If you wanted to design and operate a nuclear reactor to produce an intentional massive failure you would do exactly what the Russians did.
I’m certainly not a nuclear engineer, but I have read descriptions that said the Russian reactor was literally running in a common cement building/ warehouse, with no containment or safety systems whatsoever.
The Russians didn’t design a civilian nuclear power reactor, they designed a testbed for experimentation. It also produced power, so that power was put out onto the grid.
Nobody in their right mind would design a reactor with a positive void coefficient that high unless they had a completely different purpose in mind for the facility. The RBMK-1000 should never be associated with civilian nuclear power generation, even though some civilian plants were built off that design. Chernobyl is not one of them. It was a military facility with side benefits for the nearby civilian population. Right until they blew it up.

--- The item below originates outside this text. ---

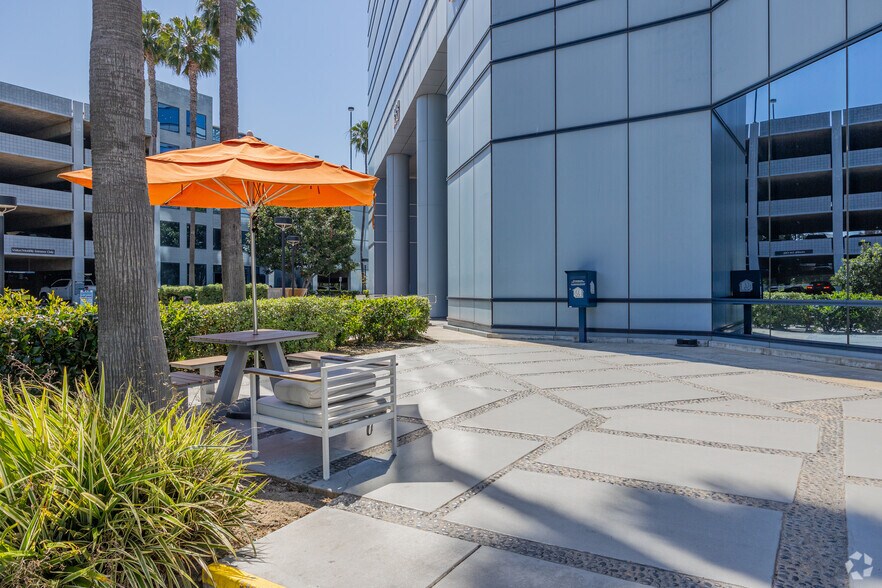 More Photos Of 333 S Anita Dr, Orange Office For Lease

And, if you wanted to discredit US nukes you’d do exactly what the nimrods did at TMIsland. The operating room was staffed by ex-Navy nukes, AKA cowboys. As former commanders of subs they are used to being treated as gods, do no wrong. So, when something went “bling” instead of doing exactly what the manufacturer said to do (Babcock&Wilcox) they went cowboy and re-routed water in ways sure to screw things up. And, it really did.
Nukes are grossly overdesigned. Extremely complicated instrumentality-wise, but real simple operationally: keep putting cooler water over the nuclear fuel until it cools down. If you do that, everything will be OK. It’s not even as complicated as “steer into the skid” is on a car.
US nukes are safe, so long as you RTFM!
I say this with 20+ years of design, construction, operation of the darned things.
Or build one in a known tsunami area like the Japanese.